(Source data)

···

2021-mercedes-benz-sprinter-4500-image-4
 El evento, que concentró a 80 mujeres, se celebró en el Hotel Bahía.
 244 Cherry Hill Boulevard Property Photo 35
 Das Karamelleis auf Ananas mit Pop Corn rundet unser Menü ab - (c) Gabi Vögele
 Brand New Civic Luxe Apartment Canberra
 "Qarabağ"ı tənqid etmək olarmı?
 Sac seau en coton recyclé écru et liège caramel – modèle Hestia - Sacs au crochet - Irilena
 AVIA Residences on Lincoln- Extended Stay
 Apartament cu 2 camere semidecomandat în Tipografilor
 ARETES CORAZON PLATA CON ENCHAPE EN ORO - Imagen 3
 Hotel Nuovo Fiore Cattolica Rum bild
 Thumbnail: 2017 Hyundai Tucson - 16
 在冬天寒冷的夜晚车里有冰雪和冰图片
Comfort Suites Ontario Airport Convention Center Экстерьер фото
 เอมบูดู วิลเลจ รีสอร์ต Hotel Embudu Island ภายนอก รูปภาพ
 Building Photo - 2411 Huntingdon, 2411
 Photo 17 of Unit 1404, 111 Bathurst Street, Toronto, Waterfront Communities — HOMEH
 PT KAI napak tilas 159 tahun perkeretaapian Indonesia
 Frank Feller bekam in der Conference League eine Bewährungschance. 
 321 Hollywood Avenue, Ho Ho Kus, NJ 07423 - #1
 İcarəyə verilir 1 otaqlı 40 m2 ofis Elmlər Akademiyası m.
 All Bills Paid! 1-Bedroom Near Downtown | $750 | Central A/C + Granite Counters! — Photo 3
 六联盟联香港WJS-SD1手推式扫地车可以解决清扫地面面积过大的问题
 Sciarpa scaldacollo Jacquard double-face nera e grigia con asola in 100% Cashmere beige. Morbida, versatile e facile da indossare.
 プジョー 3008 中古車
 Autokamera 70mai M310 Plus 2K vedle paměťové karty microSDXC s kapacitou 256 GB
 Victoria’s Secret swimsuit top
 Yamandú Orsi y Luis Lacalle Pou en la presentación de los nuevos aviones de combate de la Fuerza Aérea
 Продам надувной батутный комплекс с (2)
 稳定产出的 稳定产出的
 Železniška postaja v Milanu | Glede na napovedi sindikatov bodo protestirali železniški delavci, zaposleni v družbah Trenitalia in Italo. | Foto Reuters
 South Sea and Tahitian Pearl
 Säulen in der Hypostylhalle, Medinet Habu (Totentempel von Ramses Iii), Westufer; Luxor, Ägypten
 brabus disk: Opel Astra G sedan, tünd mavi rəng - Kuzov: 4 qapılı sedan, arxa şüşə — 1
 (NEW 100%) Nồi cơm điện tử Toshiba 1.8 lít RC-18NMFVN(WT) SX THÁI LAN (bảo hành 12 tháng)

···

## Exercise details
Start at the first line of the data above. Stop after the line containing "321 Hollywood Avenue, Ho", reproducing each line exactly and adding nothing.

## Reply
2021-mercedes-benz-sprinter-4500-image-4
 El evento, que concentró a 80 mujeres, se celebró en el Hotel Bahía.
 244 Cherry Hill Boulevard Property Photo 35
 Das Karamelleis auf Ananas mit Pop Corn rundet unser Menü ab - (c) Gabi Vögele
 Brand New Civic Luxe Apartment Canberra
 "Qarabağ"ı tənqid etmək olarmı?
 Sac seau en coton recyclé écru et liège caramel – modèle Hestia - Sacs au crochet - Irilena
 AVIA Residences on Lincoln- Extended Stay
 Apartament cu 2 camere semidecomandat în Tipografilor
 ARETES CORAZON PLATA CON ENCHAPE EN ORO - Imagen 3
 Hotel Nuovo Fiore Cattolica Rum bild
 Thumbnail: 2017 Hyundai Tucson - 16
 在冬天寒冷的夜晚车里有冰雪和冰图片
Comfort Suites Ontario Airport Convention Center Экстерьер фото
 เอมบูดู วิลเลจ รีสอร์ต Hotel Embudu Island ภายนอก รูปภาพ
 Building Photo - 2411 Huntingdon, 2411
 Photo 17 of Unit 1404, 111 Bathurst Street, Toronto, Waterfront Communities — HOMEH
 PT KAI napak tilas 159 tahun perkeretaapian Indonesia
 Frank Feller bekam in der Conference League eine Bewährungschance. 
 321 Hollywood Avenue, Ho Ho Kus, NJ 07423 - #1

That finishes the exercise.